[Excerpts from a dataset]
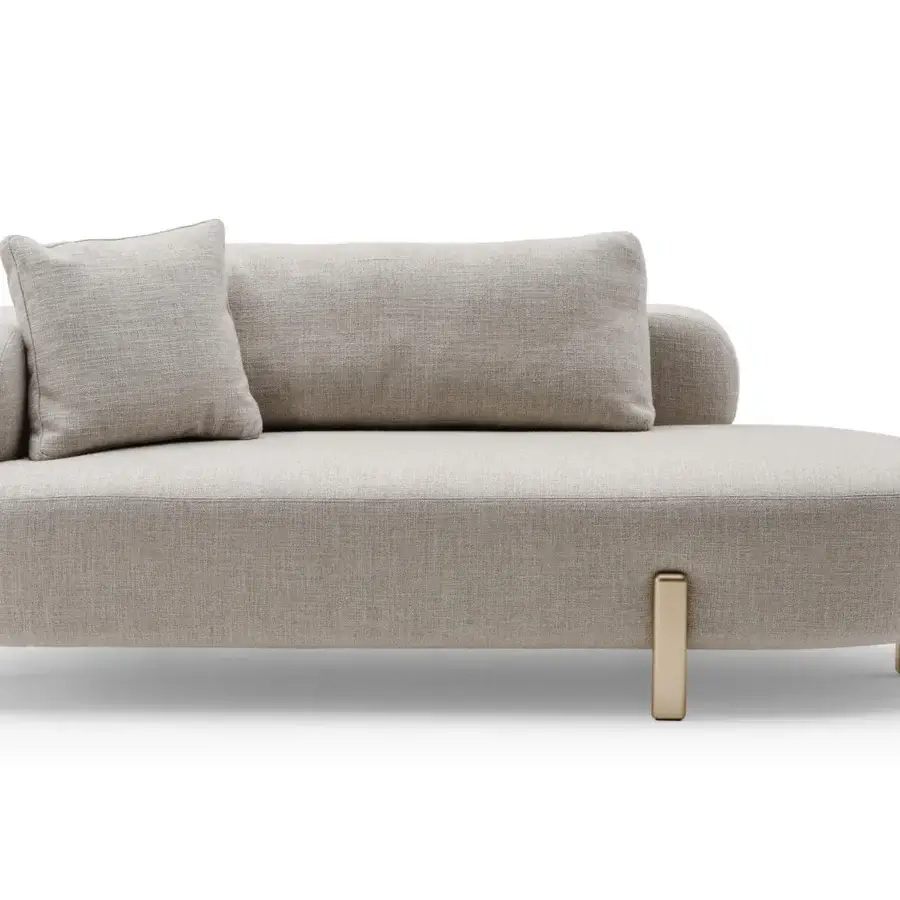 Lavish Turri Roma chaise lounge upholstered in light beige textile with slender champagne gold metal feet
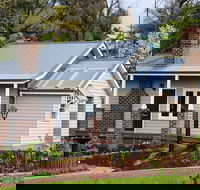 Marysville Garden Cottages - Queensland Tourism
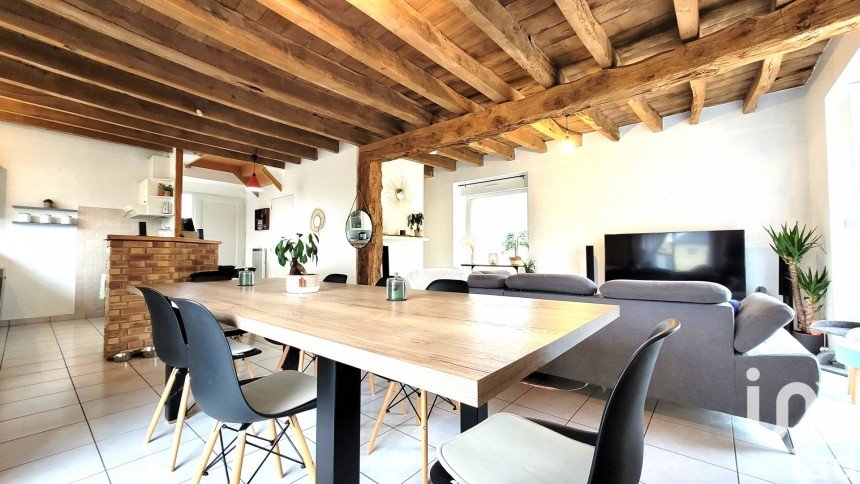 Maison 4 pièces de 96 m² à Saint-Aubin-d'Aubigné (35250)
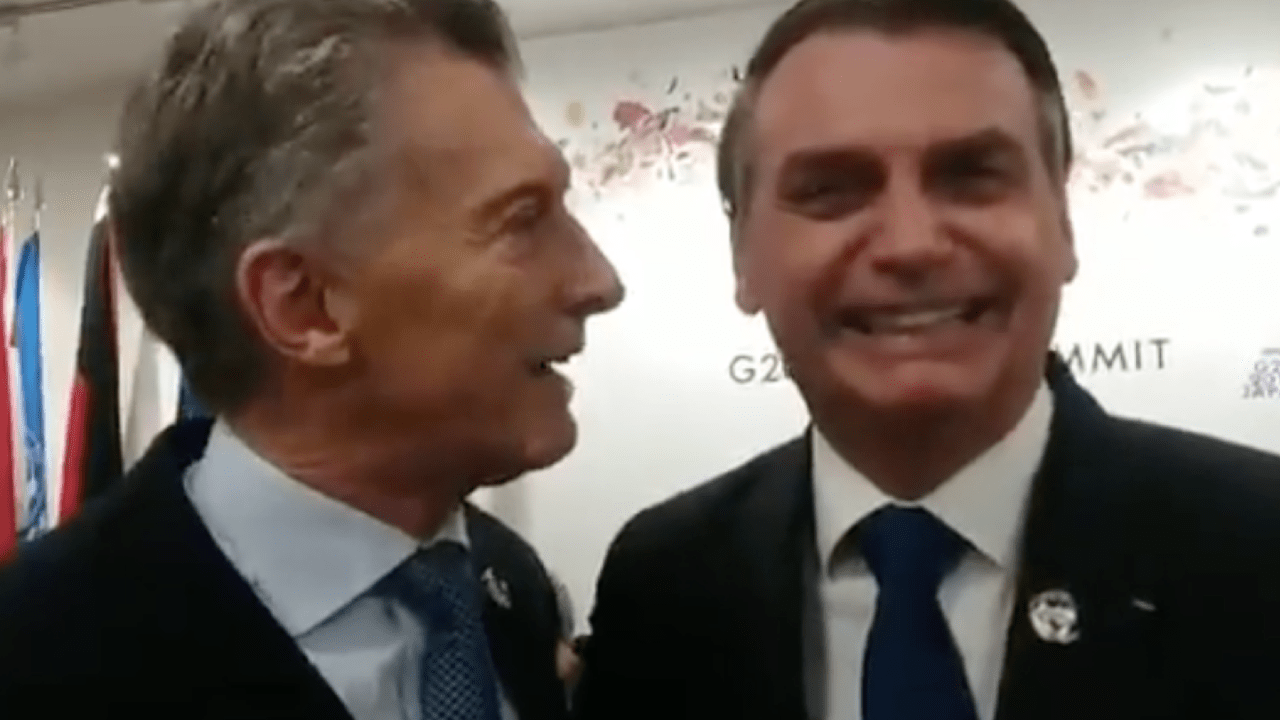 Bolsonaro e Macri trocam provocações sobre semifinal entre Brasil e Argentina.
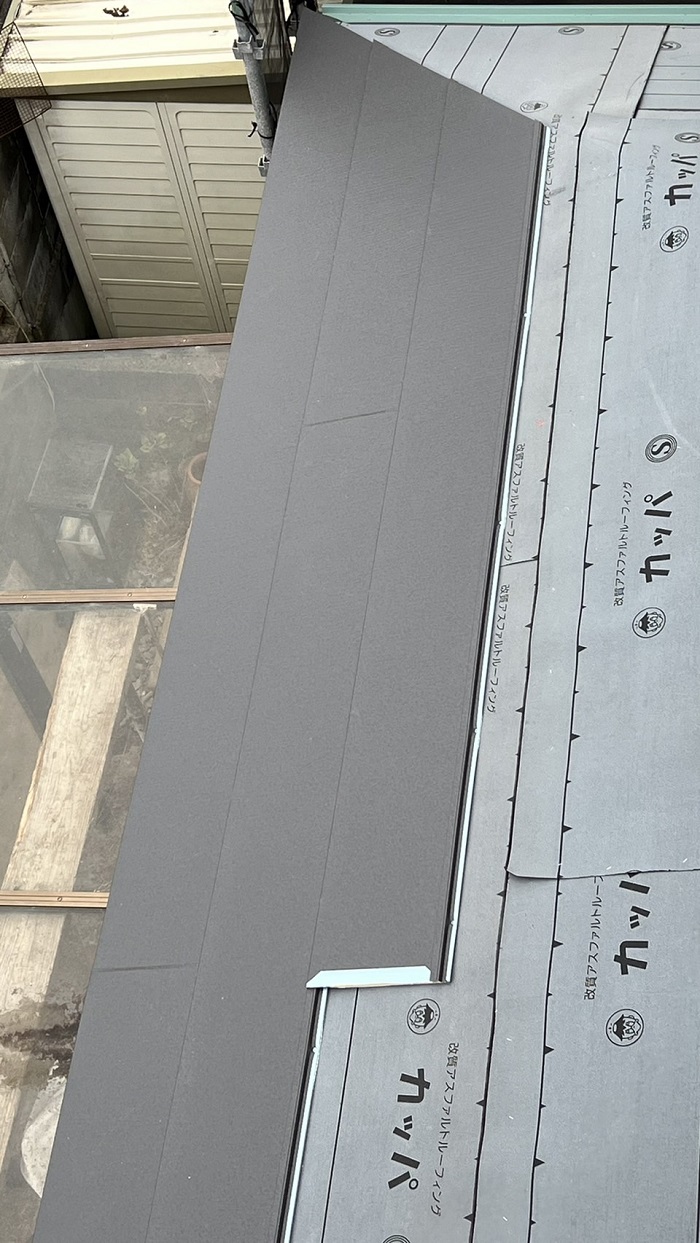 神戸市長田区のスレート屋根へのカバー工法でIG工業スーパーガルテクトを使用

Problem details → Please retype the lines from the one containing "Maison 4 pièces" through the last line of the records above, exactly as written, and leave out any pictures.

Expected answer →
 Maison 4 pièces de 96 m² à Saint-Aubin-d'Aubigné (35250)
 Bolsonaro e Macri trocam provocações sobre semifinal entre Brasil e Argentina.
 神戸市長田区のスレート屋根へのカバー工法でIG工業スーパーガルテクトを使用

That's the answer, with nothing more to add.